Harvard University has canceled the remainder of its men's soccer team's season over a racy document that circulated among team member's rating members of the Harvard women's soccer team on the basis of their physical appearance and presumed sexual proficiency.
OK, I guess (although what about free speech?)–except for one little problem: The document in question dates from 2012.
Hasn't every team member who helped circulate the "scouting report," as they called it, graduated by now? Or did someone on the team flunk Chem 101 and have to put in an extra year or two? I thought everyone at Harvard got an automatic "A" because they're all so smart.
The student newspaper, the Harvard Crimson, offers this:
Athletics Director Robert L. Scalise wrote in an email to Harvard student athletes that he decided to cancel the rest of the team’s season because the “practice appears to be more widespread across the team and has continued beyond 2012, including in 2016.”
And that's it. No one in the Harvard administration has deigned to disclose exactly what evidence supports the group punishment for the team, which up until now was ranked #1 for this Ivy League season.
From an earlier Crimson report, the nine-page 2012 "scouting" document (apparently found via Google Groups) sounded like…something guys used to do when I was in college. Or like Harvardian Mark Zuckerberg's idea for creating a website that would compare Harvard girls to farm animals and ask viewers to vote on who was most attractive. (Yes, Zuckerberg did this in real life, not just in The Social Network). Rude, crude, and un-gentlemanly, but not uncommon among exuberant young men.

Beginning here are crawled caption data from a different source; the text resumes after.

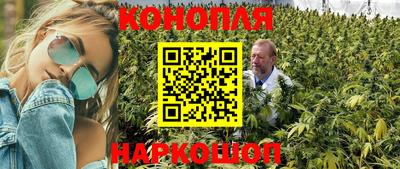 прущая мука Гай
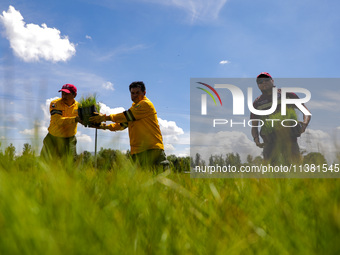 Workers of the Heroic Brigade Corps are planting containers with different varieties of plants during the ''Green Challenge 2024,'' which ai...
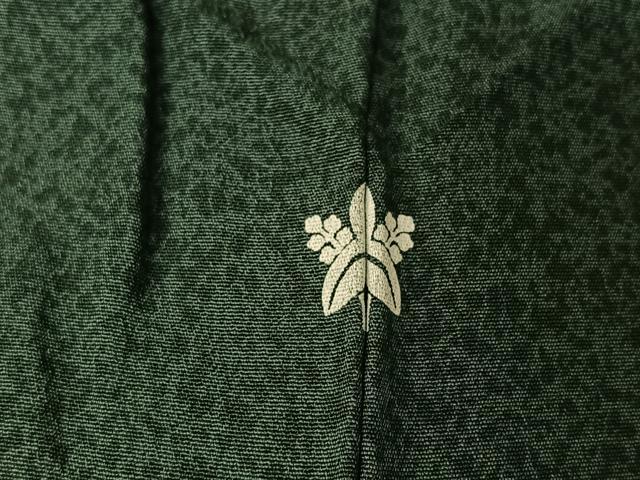 平和屋着物▽訪問着 単衣 流水杜若文 金彩 正絹 逸品 AABG7051jh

Here's what the Crimson said:
In lewd terms, the author of the report individually evaluated each female recruit, assigning them numerical scores and writing paragraph-long assessments of the women. The document also included photographs of each woman, most of which, the author wrote, were culled from Facebook or the Internet….
Each woman was assigned a hypothetical sexual “position” in addition to her position on the soccer field….
The author also assigned each woman a nickname, calling one woman “Gumbi” because “her gum to tooth ratio is about 1 to 1.”
“For that reason I am forced to rate her a 6,” the author added.
The Crimson added:
The “report” appears to have been an annual practice. At the beginning of the document, the author writes that “while some of the scouting report last year was wrong, the overall consensus that” a certain player “was both the hottest and the most STD ridden was confirmed.”
Soon after the story broke, the six female team members who had been "evaluated" in 2012 (and graduated in 2016) wrote a collective op-ed for the Crimson indicating that all had likely majored in women's studies at Harvard:
We are appalled that female athletes who are told to feel empowered and proud of their abilities are so regularly reduced to a physical appearance. We are distraught that mothers having daughters almost a half century after getting equal rights have to worry about men's entitlement to bodies that aren't theirs.
So, there are lessons to be learned from this debacle 1) Guys, don't put anything locker-roomish in writing (actually, don't even say it unless you trust your listeners completely); 2) Memorize the Weiner Rule: Everything on the Internet will out, even the contents of a private Google Group; 3) It doesn't matter whether you're personally guilty of the transgressions of your fellow males; you will be punished anyway.